> What the exercise asks: Nothing but an exact copy is asked for: the lines in the material below from the one with "An 18ct gold" through the one with "Dwayne 'The Rock'", pictures excluded.

Segment Start: Extracted entries

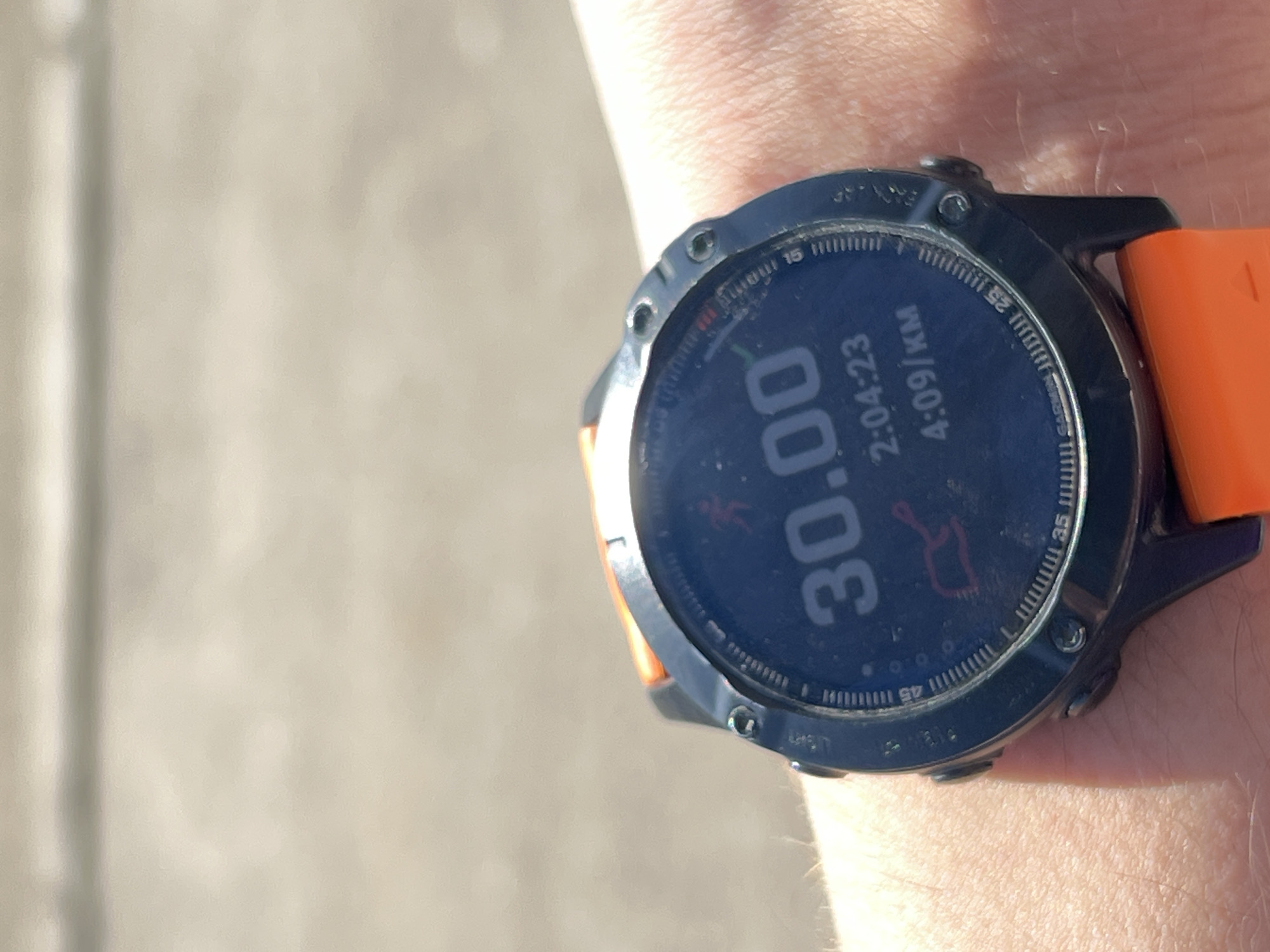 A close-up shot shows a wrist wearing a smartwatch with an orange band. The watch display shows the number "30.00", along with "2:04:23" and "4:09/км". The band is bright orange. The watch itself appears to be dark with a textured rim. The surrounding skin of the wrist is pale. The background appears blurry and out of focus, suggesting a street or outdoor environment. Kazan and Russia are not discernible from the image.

Segment End: Extracted entries
Segment Start: Extracted entries

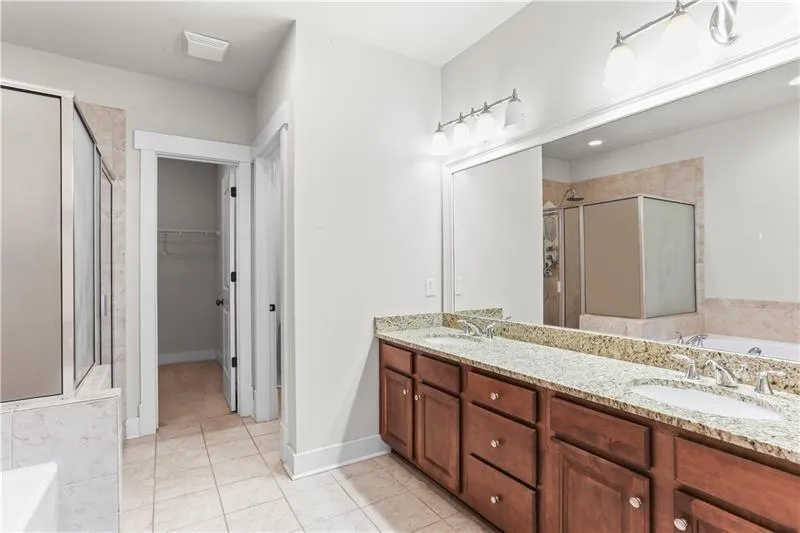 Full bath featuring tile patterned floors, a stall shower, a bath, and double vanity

Segment End: Extracted entries
Segment Start: Extracted entries

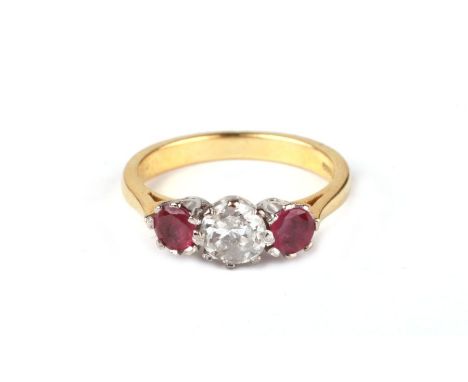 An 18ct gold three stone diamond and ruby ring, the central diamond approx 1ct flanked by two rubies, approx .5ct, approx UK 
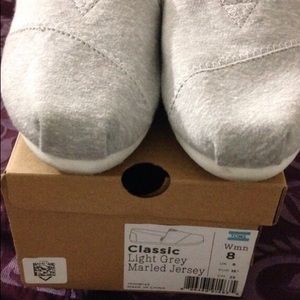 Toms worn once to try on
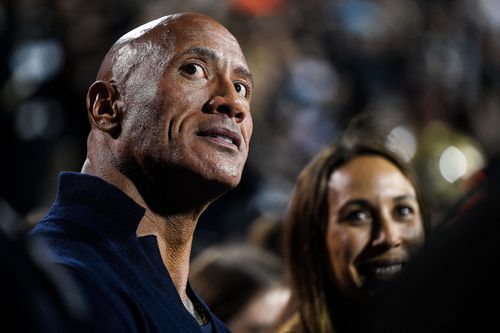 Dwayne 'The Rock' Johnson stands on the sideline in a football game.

Segment End: Extracted entries

> Solution below:
 An 18ct gold three stone diamond and ruby ring, the central diamond approx 1ct flanked by two rubies, approx .5ct, approx UK 
 Toms worn once to try on
 Dwayne 'The Rock' Johnson stands on the sideline in a football game.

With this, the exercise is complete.